What type of intake manifold do you have on it ?


----------



## Driftin_Z (Jun 15, 2004)

its says Cartech on it, i got it at a swap meet.


----------



## Zen31ZR (Mar 24, 2004)

Just making sure you were using the appropriate "wet" manifold for a carb setup. I'd have to say then that the problem is the carburetor unit itself. Sounds like it's dumping a lot of un-atomized fuel into the intake , which is draining down between the pistons and the cylinder walls and into the oil. Probably also causing some extra wear to the engine , gas is not a good lubricant. Make sure the carb is jetted appropriately for the that size motor , I'd say an unmodified Holley 4-barrel carb unit on a 2.8 liter engine is total overkill. What was the carb off of originally , or is it a new unit. In any case , I hope you just didn't take it out of the box and put in on , for the above stated reasons. What size is the carb.


----------



## Driftin_Z (Jun 15, 2004)

its a 390cfm that i got with the intake in not exactly the best of conditions. I bought a rebuild kit for it and just kinda eyeballed the jets when putting smaller ones on. i jus looked for a pair in my freinds master set that seemed smaller than the ones on it. A few days after that i started to notice that the engine was leaning out, so i put the other ones back on. I guess mabye i need just the right jetting.


----------



## Bror Jace (Apr 26, 2003)

Yep, sounds like classic fuel dilution from an overly rich mixture. Short trips where the engine rarely gets up to temp are a culprit ... as are carb and leaky injector problems.
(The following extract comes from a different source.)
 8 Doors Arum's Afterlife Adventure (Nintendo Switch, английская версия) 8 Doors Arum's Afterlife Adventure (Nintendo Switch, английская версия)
As you are getting this sorted out, you'll want to change the oil fairly frequently ... maybe even less than 3,000 miles. Don't waste money on synthetics at this point ... just any oil $1.00-2.00 per quart and drain it frequently.

Fuel in the oil usually results in higher levels of iron in a UOA (Used Oil Analysis). You can have this done for about $20+ at places like:

http://www.blackstone-labs.com/

Regularly getting the motor up to operating temp usually causes the fuel contamination to flash off ... depending how bad the source of the contamination is.


----------